When I was soaking, I'd change the water and clean the bucket every time I used the stones (once every one or two weeks). That gets old if you have big buckets and lots of stones, unless you're a pro. At this point, I probably sharpen something once every couple days at least so having the 1/5k Gesshin combo sitting around is very convenient.


----------



## JBroida (Oct 12, 2011)

thats a good point about cleaning the container... thats just as important as changing the water


----------



## tk59 (Oct 12, 2011)

Yeah. I started doing that more often once I realized it was starting to feel slimy.


----------



## ecchef (Oct 12, 2011)

Here's a related question. I have extermely hard water where I live. 
What are the chances of the stones performance being slighly altered if left soaking in hard water?
I normally keep my stones dry. I'll start a soak in the morning if I'm going to sharpen that night.


----------



## JBroida (Oct 12, 2011)

shouldnt cause too much trouble... just dont let the water evaporate and the minerals build up on your stones


----------



## tk59 (Oct 12, 2011)

Good question. I've wondered about this myself. So far, I don't know of anyone that's noticed a difference. Someone did point out in a previous thread that the abrasives in the stone are much harder than the salt deposits from the water so the effect, if any should be minimal.


----------



## ecchef (Oct 12, 2011)

Ahh....so maybe I should just leave them to soak rather than continuous wet/dry cycles?
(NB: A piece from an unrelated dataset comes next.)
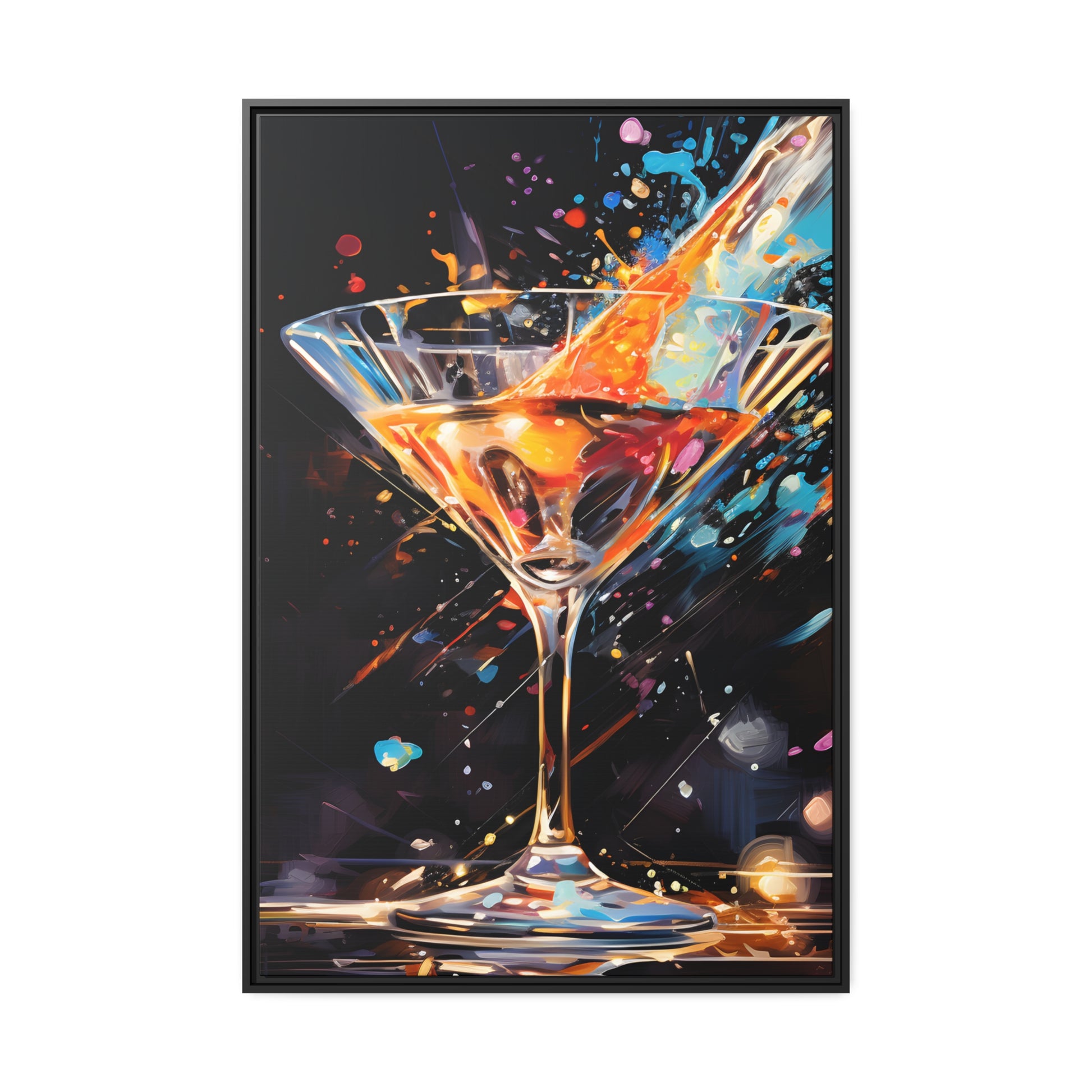 Framed Canvas artwork Bar/Night Life Art Bright Vibrant Neon Splashes Surrounding A Martini Glass Full Of Alcohol On Black Background Framed Canvas Painting Alcohol Art Close Up 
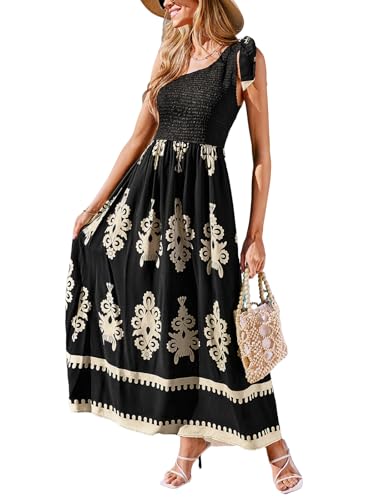 Women's Smocked One Shoulder Summer Dresses Sleeveless Vacation Maxi Dress Long Beach Sundress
That's not good for magnesia based stones though, is it?


----------



## JBroida (Oct 12, 2011)

no... magnesia based stones should not soak


----------



## mr drinky (Oct 12, 2011)

I suppose if you keep the stones and water clean it won't be a problem, but is grit contamination an issue when storing in water?

k.


----------



## tk59 (Oct 12, 2011)

If the stones are all together, I rinse the stone off before use. That seems to take care of most of it to the point where I usually don't notice anything but I still don't like it.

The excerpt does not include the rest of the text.